## Material for this exercise
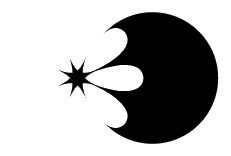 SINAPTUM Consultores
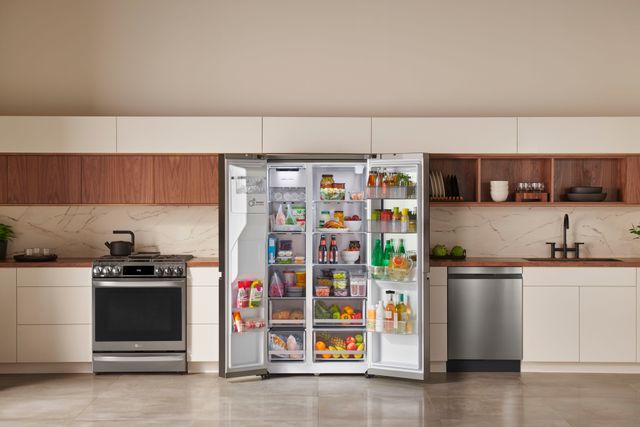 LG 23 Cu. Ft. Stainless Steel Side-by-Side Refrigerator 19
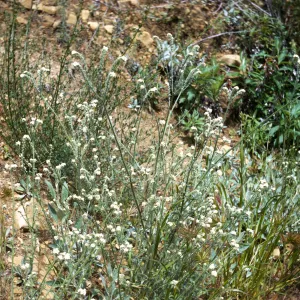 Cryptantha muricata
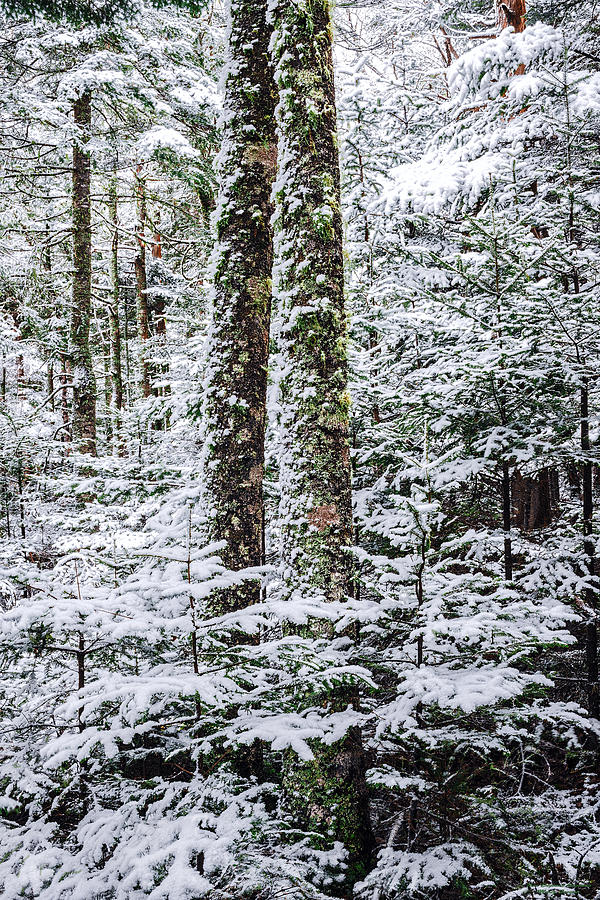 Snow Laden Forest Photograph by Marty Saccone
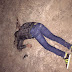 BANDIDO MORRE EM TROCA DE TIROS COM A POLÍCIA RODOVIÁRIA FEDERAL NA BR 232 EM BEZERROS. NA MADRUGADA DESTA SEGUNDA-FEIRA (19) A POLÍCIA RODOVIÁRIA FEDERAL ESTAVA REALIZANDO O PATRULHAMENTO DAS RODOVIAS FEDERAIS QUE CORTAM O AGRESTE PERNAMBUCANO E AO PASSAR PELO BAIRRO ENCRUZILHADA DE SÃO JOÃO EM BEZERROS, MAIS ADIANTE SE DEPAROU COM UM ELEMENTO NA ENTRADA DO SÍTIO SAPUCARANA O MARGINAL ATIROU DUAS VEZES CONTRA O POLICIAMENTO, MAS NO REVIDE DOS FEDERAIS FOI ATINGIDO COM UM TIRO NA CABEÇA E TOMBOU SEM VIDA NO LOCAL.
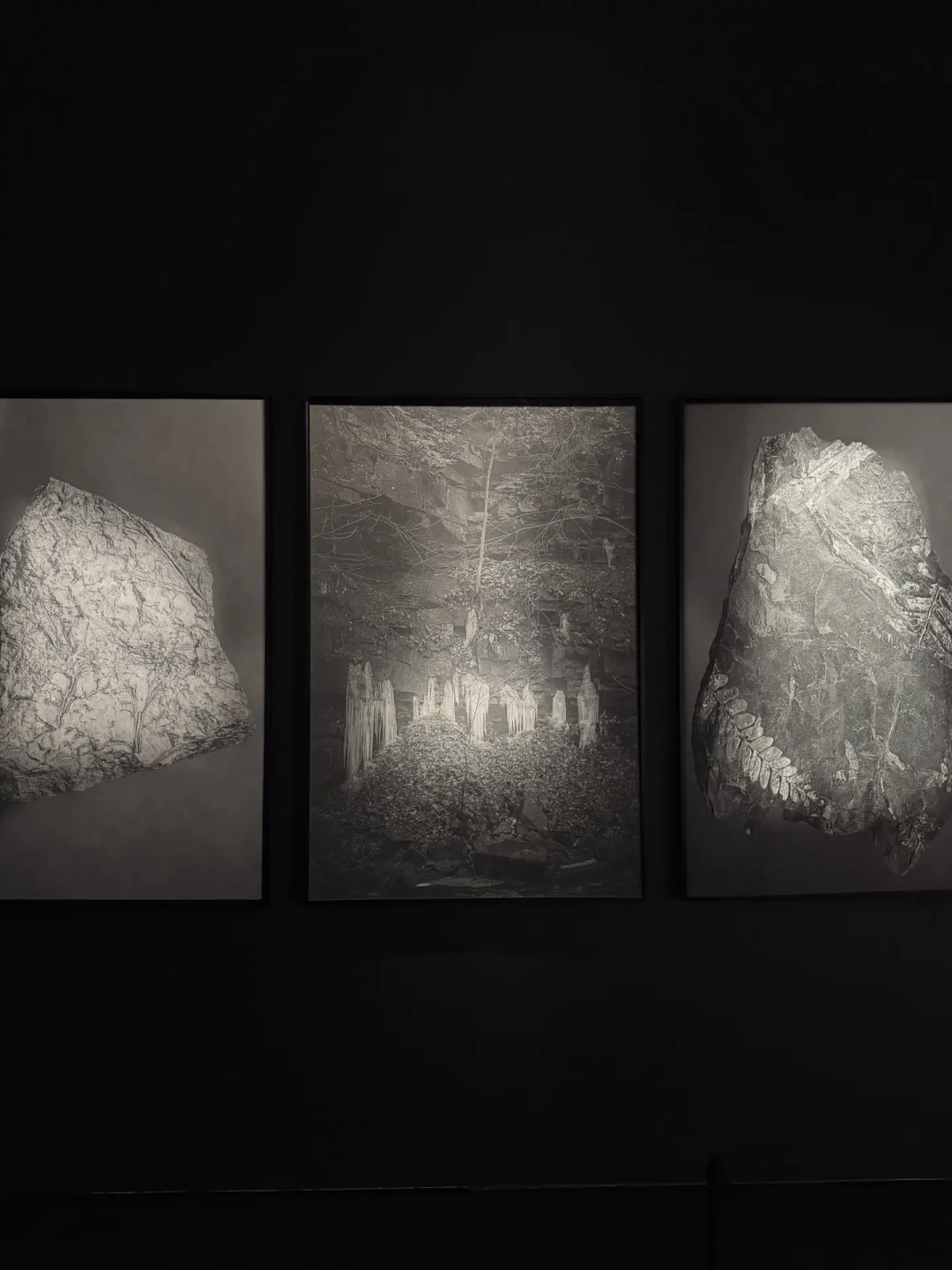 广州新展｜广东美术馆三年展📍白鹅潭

==

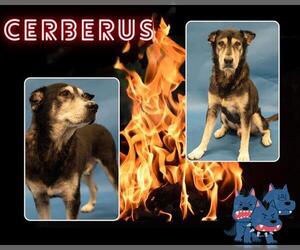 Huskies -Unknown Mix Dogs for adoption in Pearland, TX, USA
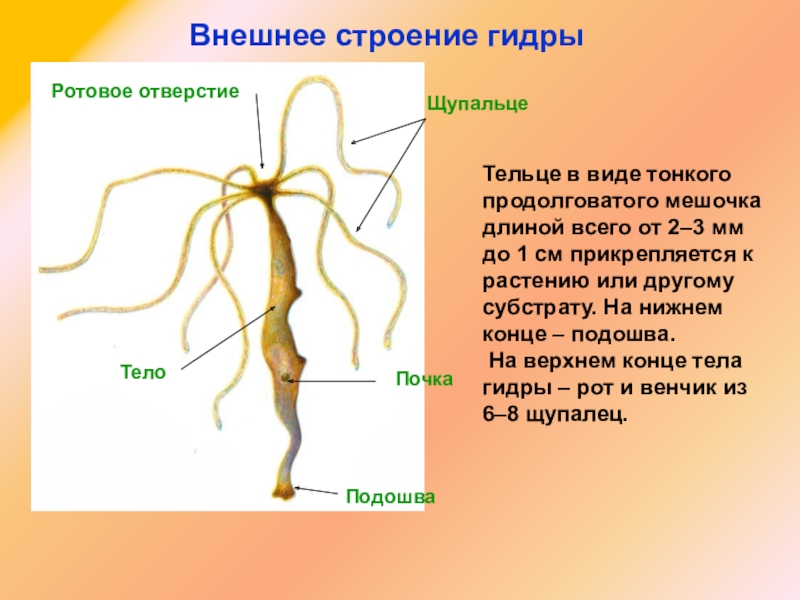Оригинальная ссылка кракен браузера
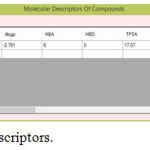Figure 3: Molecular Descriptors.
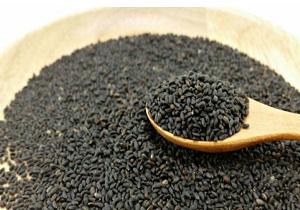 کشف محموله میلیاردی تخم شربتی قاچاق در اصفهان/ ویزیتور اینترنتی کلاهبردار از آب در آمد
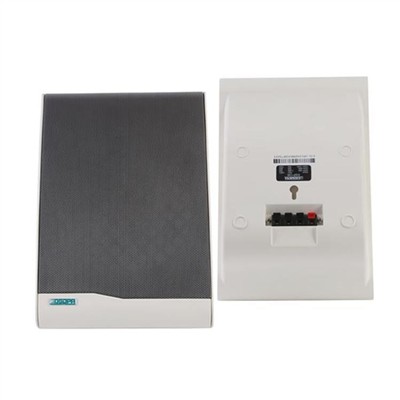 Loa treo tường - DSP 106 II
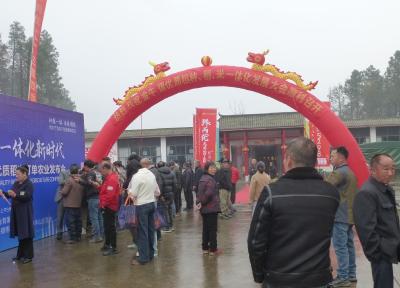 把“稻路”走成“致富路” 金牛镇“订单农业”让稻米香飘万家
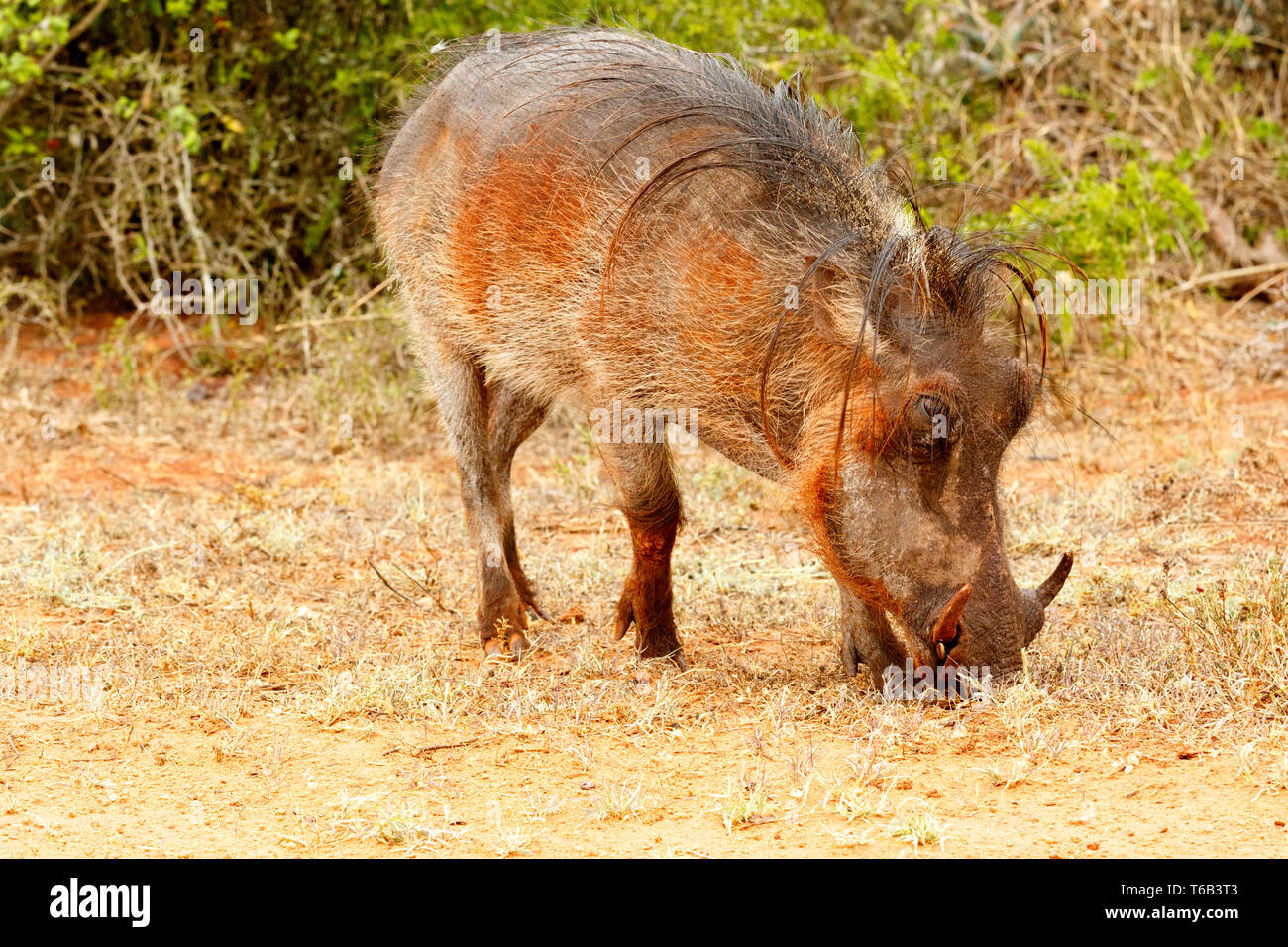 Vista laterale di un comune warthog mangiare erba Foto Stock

--

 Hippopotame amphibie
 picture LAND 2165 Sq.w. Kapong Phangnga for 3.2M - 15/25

## Task statement
Using the material above, reproduce only the lines that run from the line with "SINAPTUM Consultores" up to and including the line with "广州新展｜广东美术馆三年展📍白鹅潭", exactly, with the pictures dropped.

## Response
 SINAPTUM Consultores
 LG 23 Cu. Ft. Stainless Steel Side-by-Side Refrigerator 19
 Cryptantha muricata
 Snow Laden Forest Photograph by Marty Saccone
 BANDIDO MORRE EM TROCA DE TIROS COM A POLÍCIA RODOVIÁRIA FEDERAL NA BR 232 EM BEZERROS. NA MADRUGADA DESTA SEGUNDA-FEIRA (19) A POLÍCIA RODOVIÁRIA FEDERAL ESTAVA REALIZANDO O PATRULHAMENTO DAS RODOVIAS FEDERAIS QUE CORTAM O AGRESTE PERNAMBUCANO E AO PASSAR PELO BAIRRO ENCRUZILHADA DE SÃO JOÃO EM BEZERROS, MAIS ADIANTE SE DEPAROU COM UM ELEMENTO NA ENTRADA DO SÍTIO SAPUCARANA O MARGINAL ATIROU DUAS VEZES CONTRA O POLICIAMENTO, MAS NO REVIDE DOS FEDERAIS FOI ATINGIDO COM UM TIRO NA CABEÇA E TOMBOU SEM VIDA NO LOCAL.
 广州新展｜广东美术馆三年展📍白鹅潭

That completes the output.